● **Work order**
Leaving out all pictures, return exactly the lines from the one that contains "HYPREST Duvet Cover" through the end of the data below.

● **Given entries**
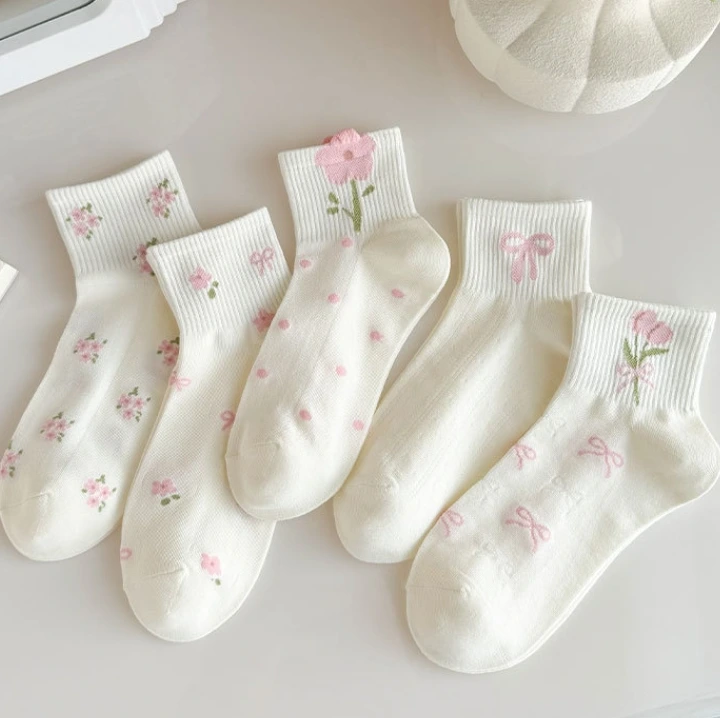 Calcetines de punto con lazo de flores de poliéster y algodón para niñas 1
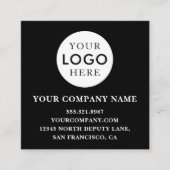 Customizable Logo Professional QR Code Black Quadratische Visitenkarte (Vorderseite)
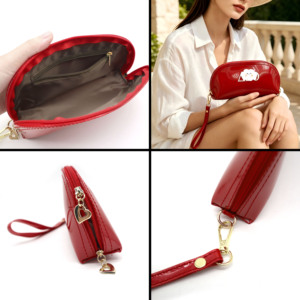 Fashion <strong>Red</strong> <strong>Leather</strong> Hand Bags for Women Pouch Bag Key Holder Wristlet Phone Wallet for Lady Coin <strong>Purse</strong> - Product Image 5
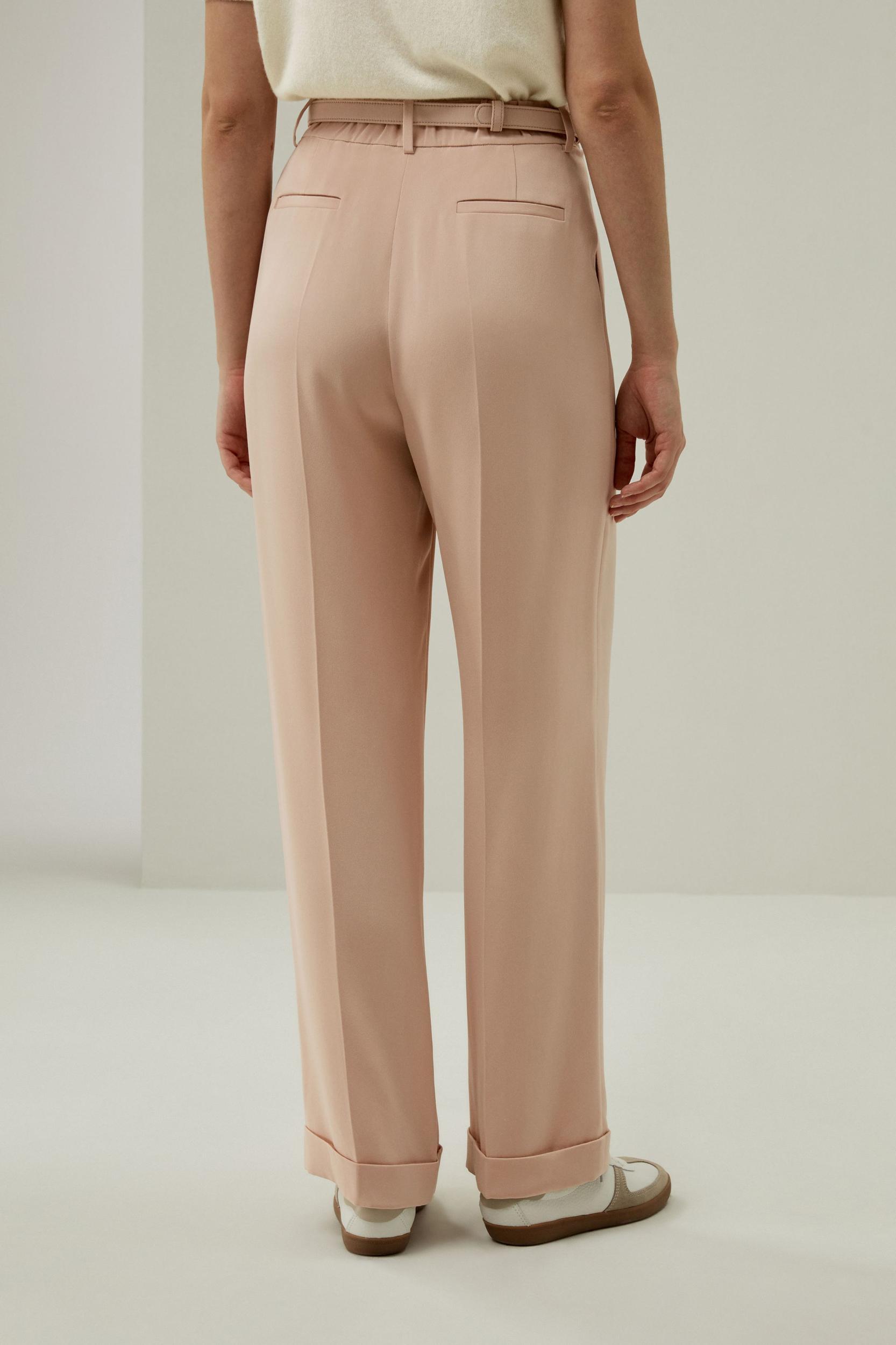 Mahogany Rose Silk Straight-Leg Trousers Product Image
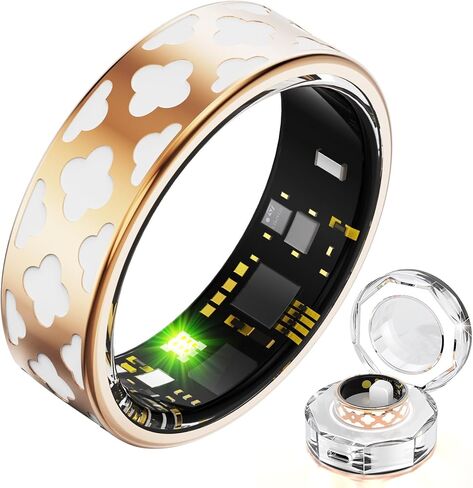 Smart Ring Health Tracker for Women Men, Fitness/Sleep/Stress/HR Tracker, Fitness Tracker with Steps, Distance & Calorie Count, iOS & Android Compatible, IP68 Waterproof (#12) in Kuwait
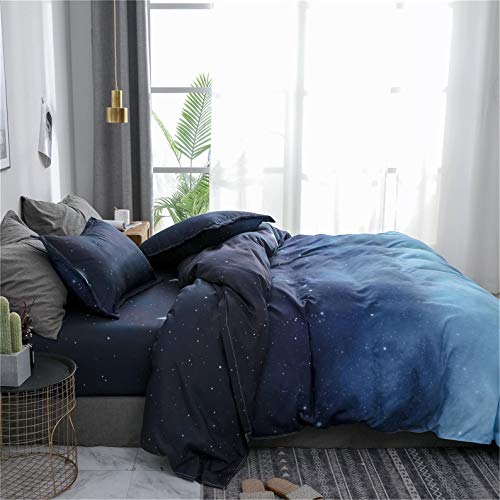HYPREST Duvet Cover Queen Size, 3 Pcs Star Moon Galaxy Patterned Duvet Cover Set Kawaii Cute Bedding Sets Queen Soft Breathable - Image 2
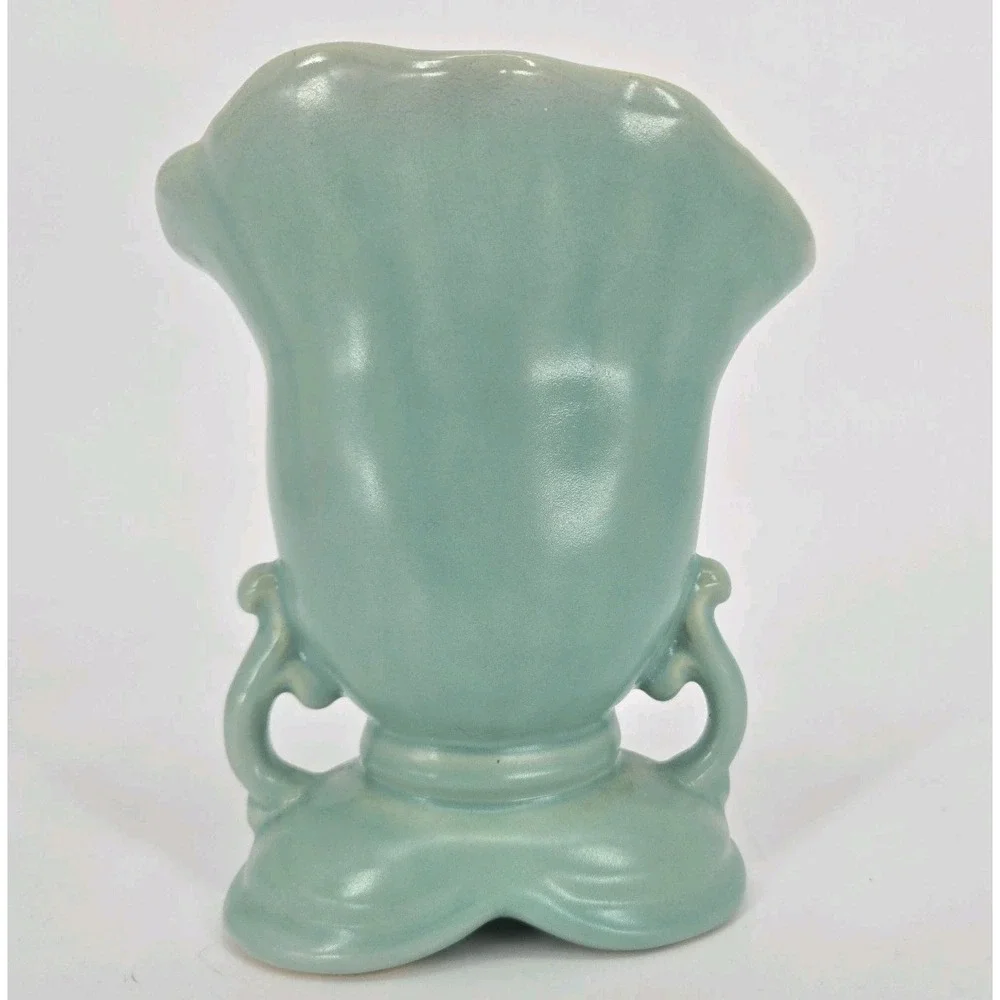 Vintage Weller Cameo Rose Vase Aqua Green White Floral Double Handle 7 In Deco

● **Expected answer**
HYPREST Duvet Cover Queen Size, 3 Pcs Star Moon Galaxy Patterned Duvet Cover Set Kawaii Cute Bedding Sets Queen Soft Breathable - Image 2
 Vintage Weller Cameo Rose Vase Aqua Green White Floral Double Handle 7 In Deco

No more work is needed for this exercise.